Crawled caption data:
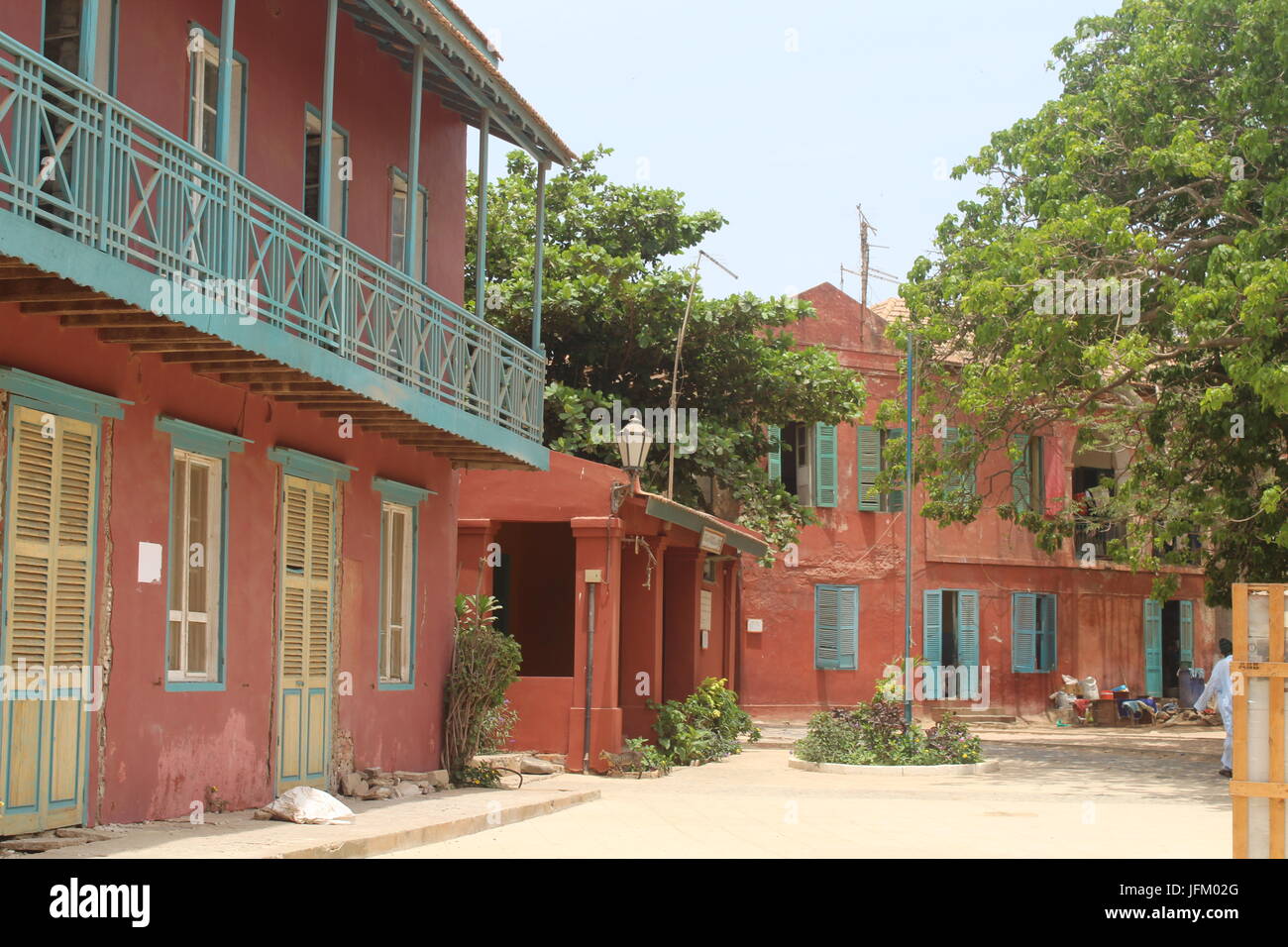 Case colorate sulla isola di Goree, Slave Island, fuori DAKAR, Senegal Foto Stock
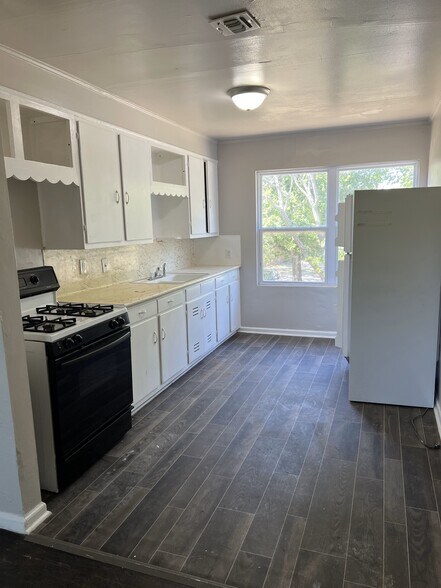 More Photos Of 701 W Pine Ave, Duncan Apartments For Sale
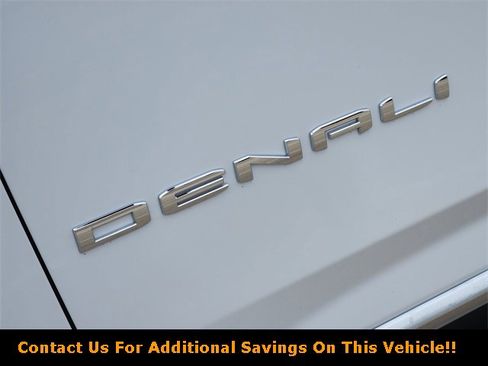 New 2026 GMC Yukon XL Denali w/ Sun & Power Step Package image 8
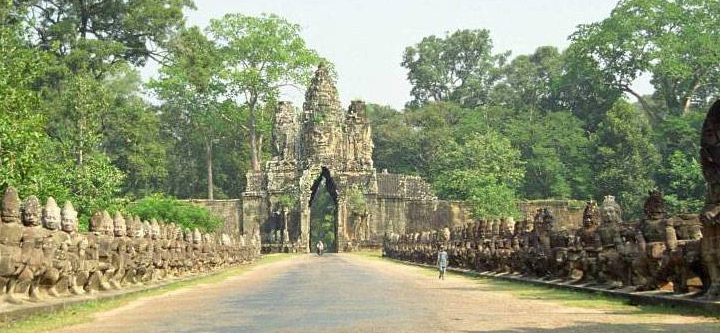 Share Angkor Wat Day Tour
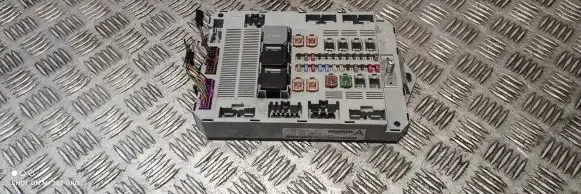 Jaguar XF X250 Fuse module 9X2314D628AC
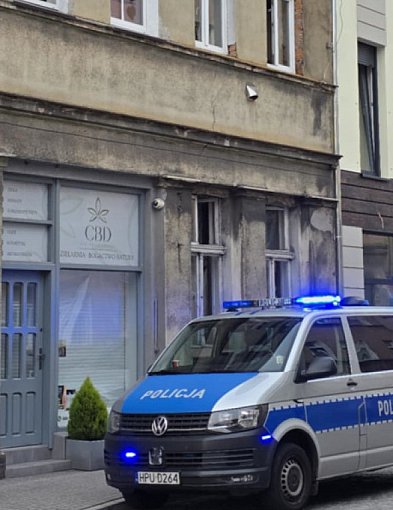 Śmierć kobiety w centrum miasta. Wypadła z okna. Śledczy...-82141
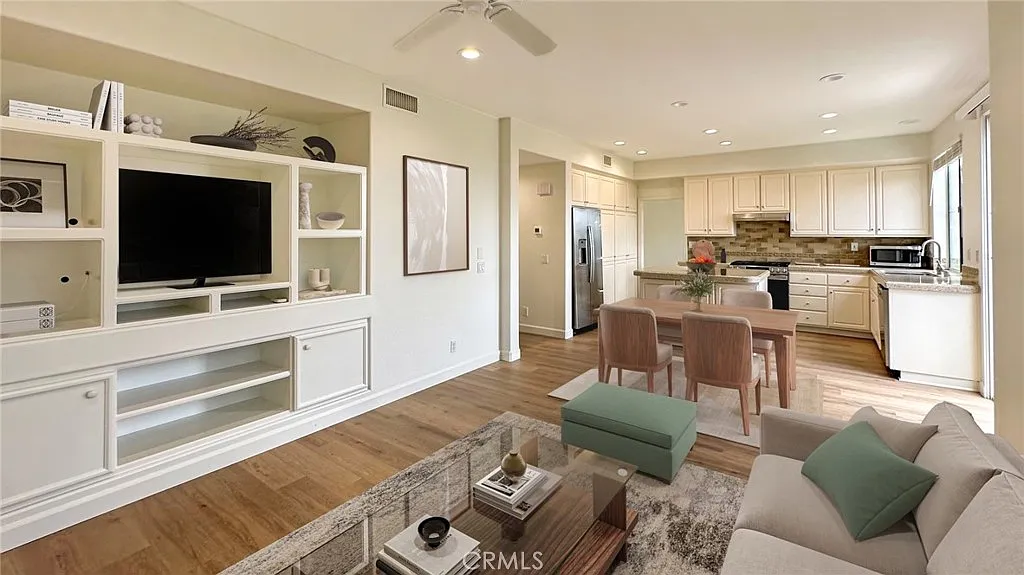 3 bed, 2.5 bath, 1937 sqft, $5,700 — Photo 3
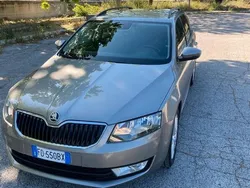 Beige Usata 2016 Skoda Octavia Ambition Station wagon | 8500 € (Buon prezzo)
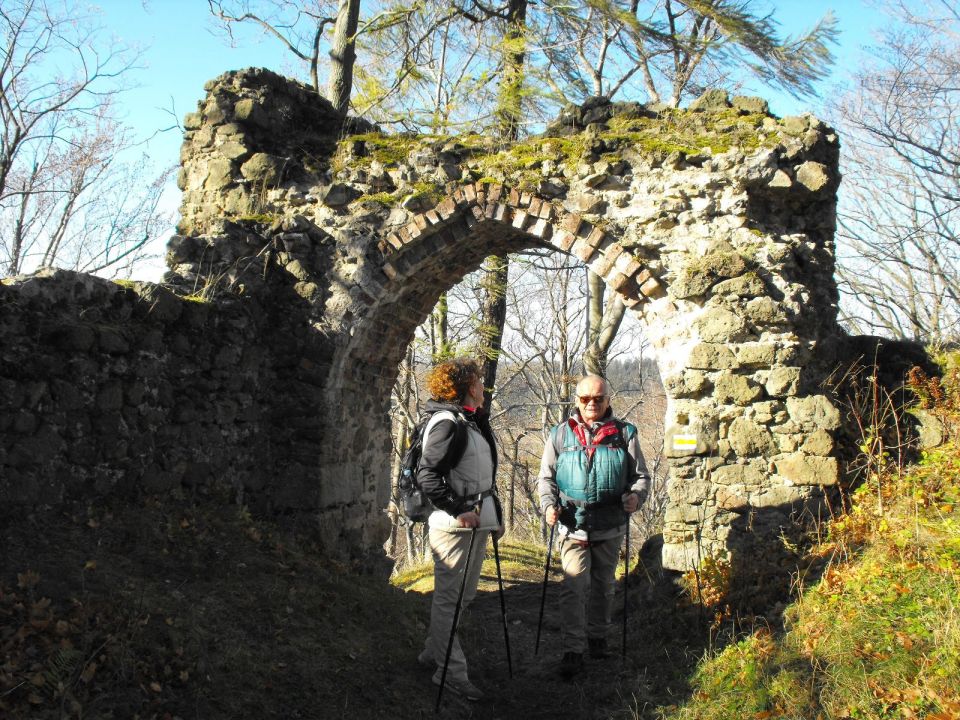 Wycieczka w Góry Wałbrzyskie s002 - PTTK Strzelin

GOAL OF THE EXERCISE: A faithful copy of the entries above is needed, one that contains no images.

WORKED SOLUTION:
 Case colorate sulla isola di Goree, Slave Island, fuori DAKAR, Senegal Foto Stock
 More Photos Of 701 W Pine Ave, Duncan Apartments For Sale
 New 2026 GMC Yukon XL Denali w/ Sun & Power Step Package image 8
 Share Angkor Wat Day Tour
 Jaguar XF X250 Fuse module 9X2314D628AC
 Śmierć kobiety w centrum miasta. Wypadła z okna. Śledczy...-82141
 3 bed, 2.5 bath, 1937 sqft, $5,700 — Photo 3
 Beige Usata 2016 Skoda Octavia Ambition Station wagon | 8500 € (Buon prezzo)
 Wycieczka w Góry Wałbrzyskie s002 - PTTK Strzelin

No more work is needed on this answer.